“Are you sure you belong on the [Patheos] Evangelical channel?” I’ve asked myself that same question every so often since coming here in 2016, so it was interesting to see it head a post at a new neighbor of ours: Anabaptist Revisions, written by pastor-scholar David Cramer. “It’s a fair question,” he admitted, since there’s historically been no shortage of mutual suspicion between evangelicals and their Anabaptist cousins. But I’m glad that David decided he did belong here.
It’s not the first time he has straddled these two worlds, so I’m looking forward to seeing how David will continue to wrestle with what it means to be an Anabaptist at Patheos Evangelical. Here’s why I think our readers are going to be all the better for it.
Evangelicals and Anabaptists actually have much in common.
I first encountered David six years ago, after reading a book he edited with recent Anxious Bench guest-blogger Jared Burkholder. Entitled The Activist Impulse: Essays on the Intersection of Evangelicalism and Anabaptism, it brought together scholars from both camps, including our own David Swartz (previewing a theme from his Moral Minority book), our friend John Fea, Mennonite historians like Steve Nolt and John Roth (whose address at the 2008 meeting of the Conference on Faith and History helped inspire the project), and George Marsden (whose foreword warned that “no one today can plausibly claim to represent or speak for evangelicalism as a whole.”) In their introduction, David and Jared argued from recent history that
both evangelicals and Anabaptist, while sharing space on the margins of American society, have manifest a shared commitment—an “impulse”—to engage American society through religiously motivated activism.
While acknowledging that Anabaptists often suspected that evangelical influence corrodes ethnic identity and Peace Church commitment and that evangelicals sometimes classed Mennonite ethics with “liberalism,” David and Jared nonetheless hoped to “offer a glimpse into the richness of Kingdom living that is at once irreducibly evangelical and unabashedly Anabaptist.” I’m a Pietist rather than an Anabaptist, but I look forward to seeing Anabaptist Revisions continue to offer such glimpses.
Evangelicals have much to learn from Anabaptists.

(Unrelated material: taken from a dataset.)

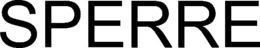 SPERRE trademark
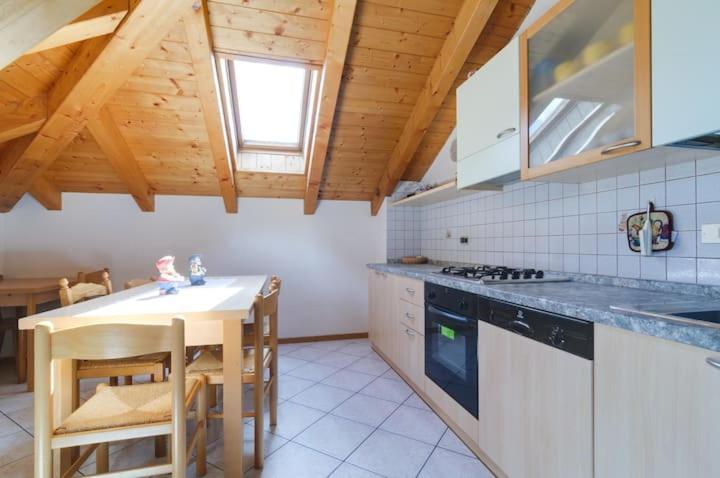 Casa Vacanze Rosa Brez Екстер'єр фото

Two years ago David Swartz mused here that the 2016 election might help evangelicals to free themselves “from the constraints of a two-party system grounded in realpolitik” and “invest in a robust theology of shalom.” Based on what we know of their voting that year — and their responses to political polls for most of the first half of the Trump presidency — I’m not sure that many evangelicals were ultimately convinced that “[i]t’s a good time to be an Anabaptist.”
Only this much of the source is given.